To the extent plaintiff may be claiming that defendant Walker is liable for failing to properly address his grievance, such allegations cannot form the basis for a § 1983 action. While plaintiff may have a constitutional right to access established prison grievance procedures, that right protects his ability to file the grievance, but does not protect him as to how prison officials process and/or decide the grievance. As defendant Walker's only involvement with plaintiff was reviewing his inmate grievance, plaintiff has not alleged sufficient facts to support a § 1983 action against her.
Based on the foregoing, the undersigned finds plaintiff's complaint fails to state a claim against defendant Walker for violation of his Eighth Amendment rights.
Accordingly, IT IS HEREBY RECOMMENDED that defendant's unopposed motion to dismiss (Doc. 18) be granted, and this action be dismissed for failure to state a claim.

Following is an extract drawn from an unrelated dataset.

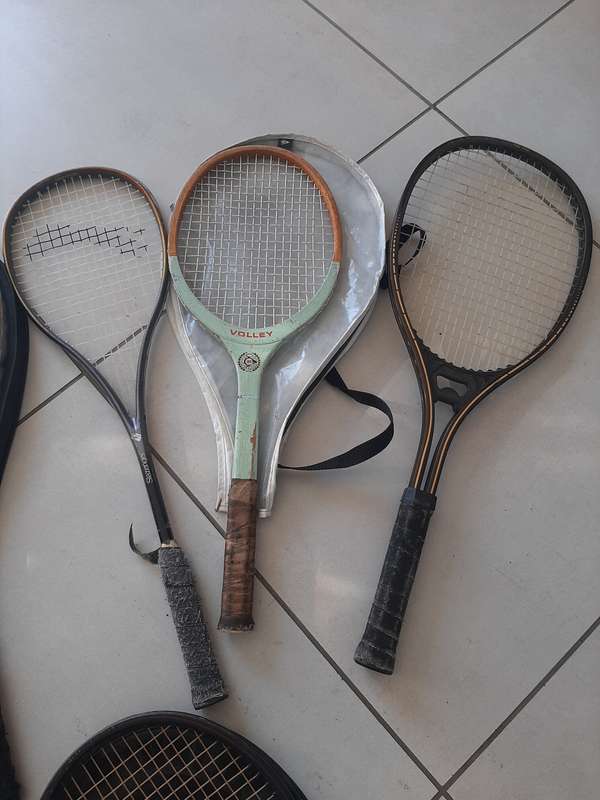 Assorted tennis rackets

These findings and recommendations are submitted to the United States District Judge assigned to the case, pursuant to the provisions of 28 U.S.C. § 636(b)(l). Within 14 days after being served with these findings and recommendations, any party may file written objections with the court. Responses to objections shall be filed within 14 days after service of objections. Failure to file objections within the specified time may waive the right to appeal. See Martinez v. Ylst, 951 F.2d 1153 (9th Cir. 1991).